Rob Reiner's Work Touched Generations
'It’s fun to know you’ve made your way into the culture,' he told me.
Rob Reiner’s murder hit hard this week, and not just because of the shock of a double stabbing murder along with his wife.
As director, writer and actor, Reiner was a talent that helped shape the country over the past half-century, and maybe represented a generation.
He was nurtured, like a lot of boomers, in television comedy, but in a most direct way, watching the work of his father Carl Reiner in making “The Dick Van Dyke Show.” Young Reiner also appeared in a wide variety of comedies in bit parts before he became something of the embodiment of principled youth, battling the bigotry of the establishment in the form of Archie Bunker over nine seasons, through portraying a shaggy-haired son in law forever called Meathead.
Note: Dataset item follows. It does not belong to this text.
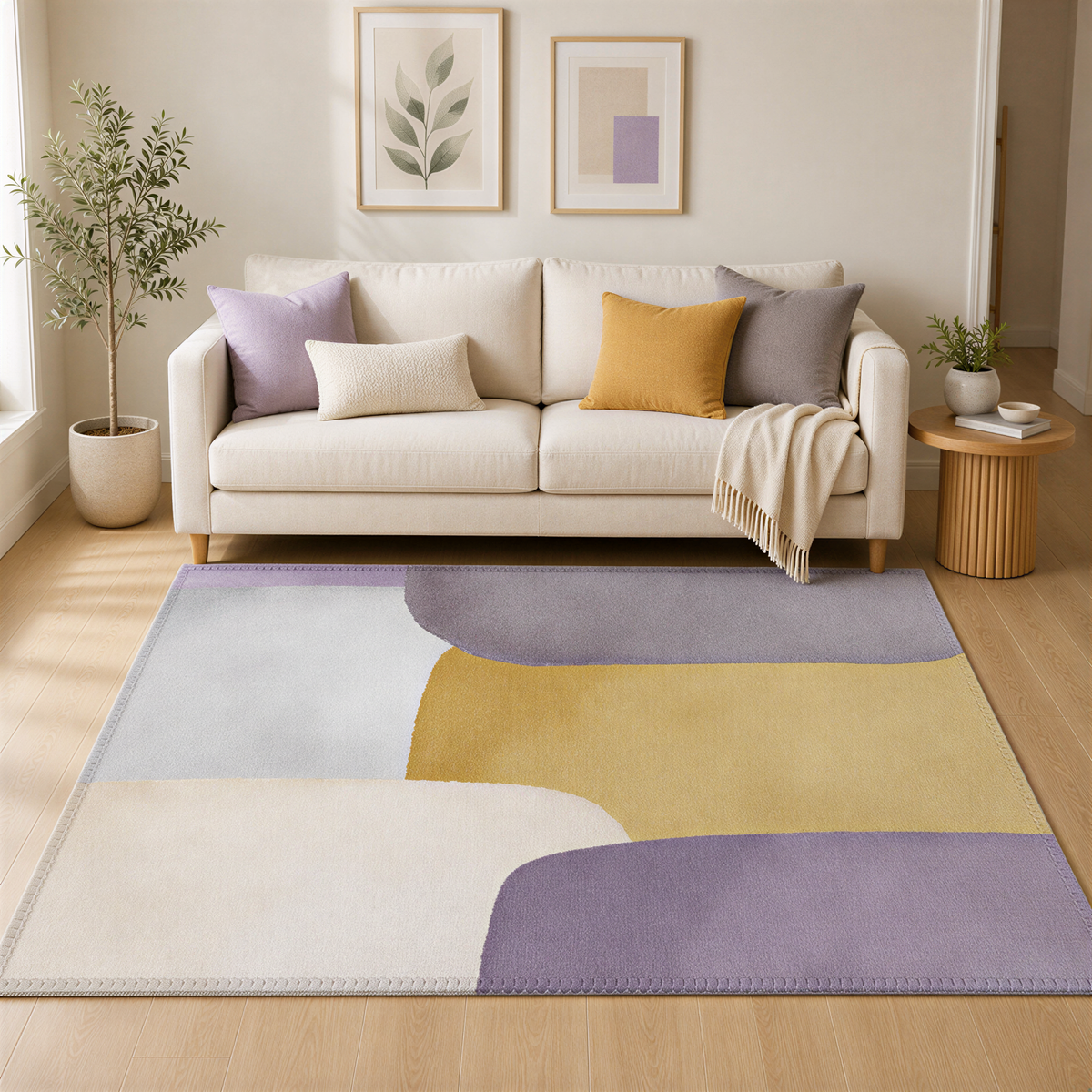 a cozy living room with a beige sofa, a colorful abstract rug, and two framed pictures on the wall.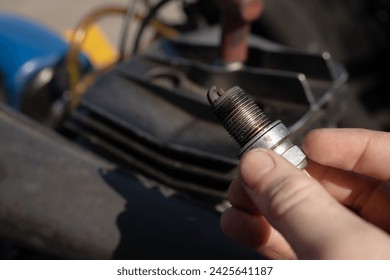 burnt car spark plug in the hands of a mechanic. Automotive children's sports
All this before creating a body of films that included a a handful of titles that are among the most beloved in American films, from “This is Spinal Tap” — his directorial debut — and “Stand By Me” to “When Harry Met Sally,” “Misery,” “The Princess Bride” and “A Few Good Men.”
That he remained a committed activist gave him purpose beyond filmmaking. And he was such a nice guy he had a way to put people instantly at ease — probably because everybody might have felt they knew him already.
That was my reaction when I interviewed him eleven years ago for The Washington Post. Though the film he was in town to promote wasn’t one of his greatest, “And So It Goes,” I couldn’t help but marvel that just about everybody on the street I passed that day must have been touched by at least one Rob Reiner film and could probably quote from it.
Plus, they’re the films that become just as important for subsequent generations. The original “Spinal Tap” was practically memorized by fans and became a comic touchstone for musicians. I was just watching “Spinal Tap II: The End Continues” his very long awaited sequel Sunday night, which had just come to HBO over the weekend when the shocking news of his death came out.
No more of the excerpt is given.